Par ailleurs, en ces Cent Jours, on n’aurait pas manqué pour l’or du monde David Daniels, dans Brahms, et face à un Steinway ! Et pourtant sonore, positif, d’un son qui veut dire quelque chose. Très peu, on s’en doute, pour les baroqueux de notre province. Ni manqué Matthias Goerne, qui fait ce qu’il veut avec sa voix, plastiquement, avec une maîtrise des dégradés dont on ne connaît pas d’autre exemple. Mais les Maguelonne de Brahms n’en sont pas la meilleure démonstration, surtout avec les textes de Tieck, toujours embarrassants même traduits. Mais dans Paulus de Mendelssohn on le retrouve plus que souverain. Le mot n’est pas assez, ni aucun d’ailleurs, pour Edita sopranissima ! Ou pour Cecilia jouant au corsaire et castrat . Rien de neuf avec ces deux-là, vérification stupéfaite seulement. On est phénomène ou on ne l’est pas.

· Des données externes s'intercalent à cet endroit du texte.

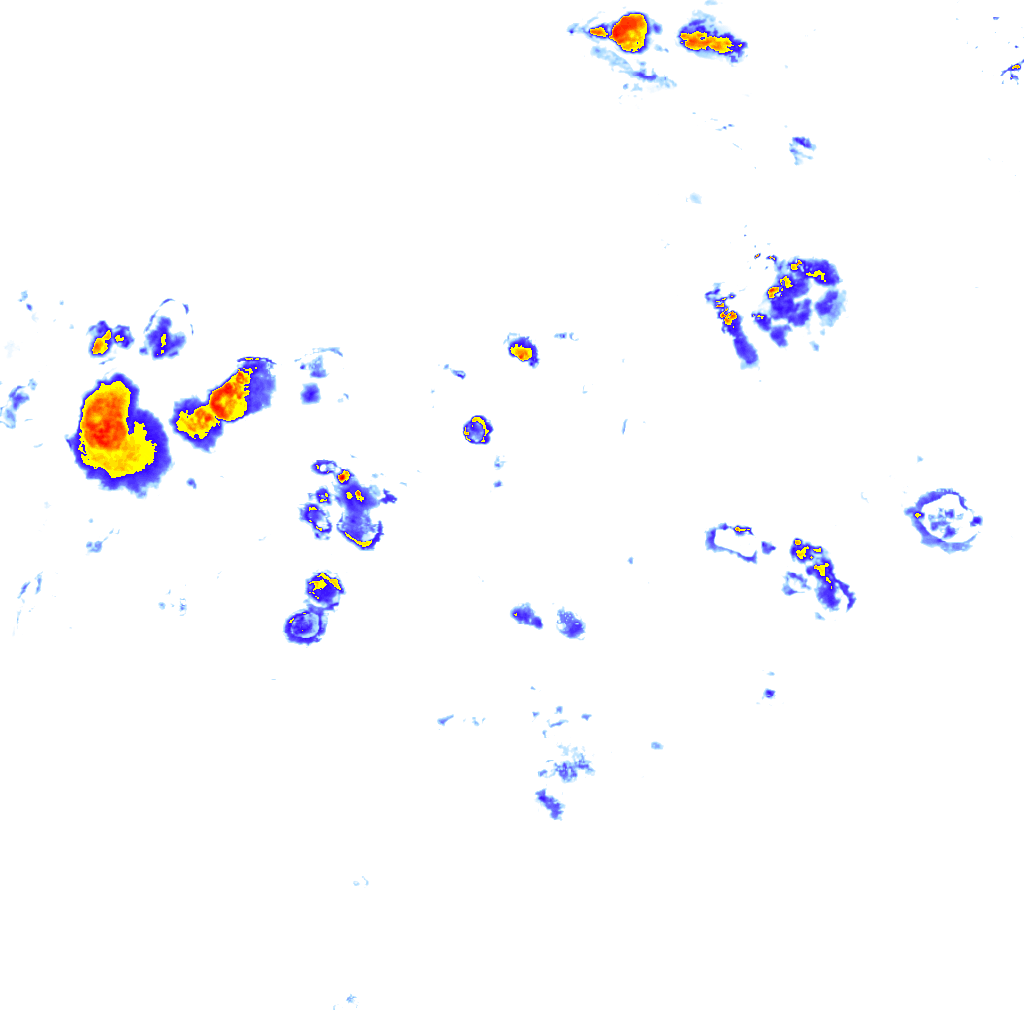 Image Layer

Quel joli personnage que ce Fortunio pour Joseph Kaiser à l’Opéra Comique, là si parfaitement dans sa cible de répertoire rêvée ! Et qu’il y est délicatement, délicieusement mis en scène ! Mais comme son fragile legato s’accommoderait mieux de sa maison grise si de bout en bout l’Orchestre de Paris consentait à se dire qu’ici il est dans une fosse, et qu’on n’y fait pas entendre sa voix comme seul sur l’estrade. Dommage : pour une fois que sur scène l’unité de ton, si vétilleuse ici, était trouvée !

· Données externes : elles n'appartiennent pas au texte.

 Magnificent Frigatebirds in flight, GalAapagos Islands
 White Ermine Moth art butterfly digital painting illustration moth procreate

Mais ayez l’œil sur Anja Harteros. Sa splendeur de voix et de chant était raison suffisante pour cette Bohème scénique importée de Munich au Théâtre des Champs-Elysées. A ce point de maîtrise et de modelé, et de musique, avec cette grandeur virtuelle dans la voix, qui ne se dévoile que prudemment et progressivement, quelle Elsa et Elisabetta elle est déjà ! Mais on attend d’elle bien plus, et progressivement, prudemment, s’il vous plaît ! Sieglinde viendra, et même (si vous voulez) Isolde. Surtout si vous chantez encore un peu ces Mimi, Violetta, Alcina que vous avez dépassées.